» Instructions for the task
Until the line containing "chính chủ cần" has been reproduced, keep reproducing each line of the material below exactly, starting with the first.

» Supplied data
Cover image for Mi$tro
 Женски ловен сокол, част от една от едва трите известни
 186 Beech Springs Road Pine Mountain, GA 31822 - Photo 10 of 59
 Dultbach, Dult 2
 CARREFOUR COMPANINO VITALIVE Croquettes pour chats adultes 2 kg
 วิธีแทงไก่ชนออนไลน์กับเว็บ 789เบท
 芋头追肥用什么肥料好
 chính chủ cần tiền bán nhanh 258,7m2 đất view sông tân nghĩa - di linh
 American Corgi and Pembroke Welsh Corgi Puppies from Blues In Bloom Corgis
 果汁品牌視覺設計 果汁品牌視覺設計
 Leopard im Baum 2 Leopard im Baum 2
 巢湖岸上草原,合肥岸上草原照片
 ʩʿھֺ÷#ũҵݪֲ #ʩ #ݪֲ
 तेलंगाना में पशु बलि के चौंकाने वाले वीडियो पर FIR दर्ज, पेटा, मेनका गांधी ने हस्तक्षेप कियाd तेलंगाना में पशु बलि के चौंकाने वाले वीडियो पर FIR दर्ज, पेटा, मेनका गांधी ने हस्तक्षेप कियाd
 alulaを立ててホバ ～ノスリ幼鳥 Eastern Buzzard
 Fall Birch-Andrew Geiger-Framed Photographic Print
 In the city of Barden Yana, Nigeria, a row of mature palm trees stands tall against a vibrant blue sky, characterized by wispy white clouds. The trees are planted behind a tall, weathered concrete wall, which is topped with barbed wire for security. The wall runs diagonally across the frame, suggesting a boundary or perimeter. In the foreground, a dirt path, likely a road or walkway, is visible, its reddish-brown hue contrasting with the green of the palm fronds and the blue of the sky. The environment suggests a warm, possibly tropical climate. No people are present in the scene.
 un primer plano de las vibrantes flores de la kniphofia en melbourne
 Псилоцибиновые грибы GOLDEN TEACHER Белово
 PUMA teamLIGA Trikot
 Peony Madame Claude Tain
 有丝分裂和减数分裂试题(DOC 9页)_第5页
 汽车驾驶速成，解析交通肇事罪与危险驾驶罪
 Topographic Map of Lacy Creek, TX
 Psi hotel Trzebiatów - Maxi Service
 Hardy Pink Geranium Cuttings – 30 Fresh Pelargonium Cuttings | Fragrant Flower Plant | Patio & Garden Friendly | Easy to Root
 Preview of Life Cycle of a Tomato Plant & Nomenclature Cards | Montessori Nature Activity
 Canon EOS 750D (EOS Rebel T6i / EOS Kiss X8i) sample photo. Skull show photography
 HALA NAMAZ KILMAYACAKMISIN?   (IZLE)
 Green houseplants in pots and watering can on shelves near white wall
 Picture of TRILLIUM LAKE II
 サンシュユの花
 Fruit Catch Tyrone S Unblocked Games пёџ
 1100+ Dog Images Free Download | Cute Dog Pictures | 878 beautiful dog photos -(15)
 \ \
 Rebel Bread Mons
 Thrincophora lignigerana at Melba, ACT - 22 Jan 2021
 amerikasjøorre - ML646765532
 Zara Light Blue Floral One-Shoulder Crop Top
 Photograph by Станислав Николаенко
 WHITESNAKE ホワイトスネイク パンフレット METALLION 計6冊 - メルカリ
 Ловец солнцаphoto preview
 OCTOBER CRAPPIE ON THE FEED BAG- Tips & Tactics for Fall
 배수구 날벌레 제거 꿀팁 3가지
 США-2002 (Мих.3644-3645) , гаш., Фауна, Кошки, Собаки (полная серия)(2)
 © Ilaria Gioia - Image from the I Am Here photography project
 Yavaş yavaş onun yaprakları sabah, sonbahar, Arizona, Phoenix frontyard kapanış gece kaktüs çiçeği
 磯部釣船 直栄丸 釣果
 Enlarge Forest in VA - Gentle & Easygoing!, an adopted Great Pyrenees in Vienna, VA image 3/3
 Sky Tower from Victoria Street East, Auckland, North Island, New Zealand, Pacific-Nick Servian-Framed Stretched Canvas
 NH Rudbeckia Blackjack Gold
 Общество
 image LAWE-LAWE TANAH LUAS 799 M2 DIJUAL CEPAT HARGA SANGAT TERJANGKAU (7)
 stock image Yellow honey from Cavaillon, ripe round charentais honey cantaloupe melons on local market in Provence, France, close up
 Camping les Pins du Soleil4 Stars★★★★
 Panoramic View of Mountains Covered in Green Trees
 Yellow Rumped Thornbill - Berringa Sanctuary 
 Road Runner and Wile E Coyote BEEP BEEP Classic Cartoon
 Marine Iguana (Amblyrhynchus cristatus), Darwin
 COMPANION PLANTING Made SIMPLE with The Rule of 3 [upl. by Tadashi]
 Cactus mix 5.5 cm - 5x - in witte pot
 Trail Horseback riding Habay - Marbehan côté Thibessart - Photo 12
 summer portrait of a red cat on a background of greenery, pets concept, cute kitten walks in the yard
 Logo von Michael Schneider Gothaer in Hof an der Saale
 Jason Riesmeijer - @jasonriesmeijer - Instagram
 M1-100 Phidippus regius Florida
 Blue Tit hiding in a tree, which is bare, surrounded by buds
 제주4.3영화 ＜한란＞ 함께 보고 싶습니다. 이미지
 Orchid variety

» Exercise result
Cover image for Mi$tro
 Женски ловен сокол, част от една от едва трите известни
 186 Beech Springs Road Pine Mountain, GA 31822 - Photo 10 of 59
 Dultbach, Dult 2
 CARREFOUR COMPANINO VITALIVE Croquettes pour chats adultes 2 kg
 วิธีแทงไก่ชนออนไลน์กับเว็บ 789เบท
 芋头追肥用什么肥料好
 chính chủ cần tiền bán nhanh 258,7m2 đất view sông tân nghĩa - di linh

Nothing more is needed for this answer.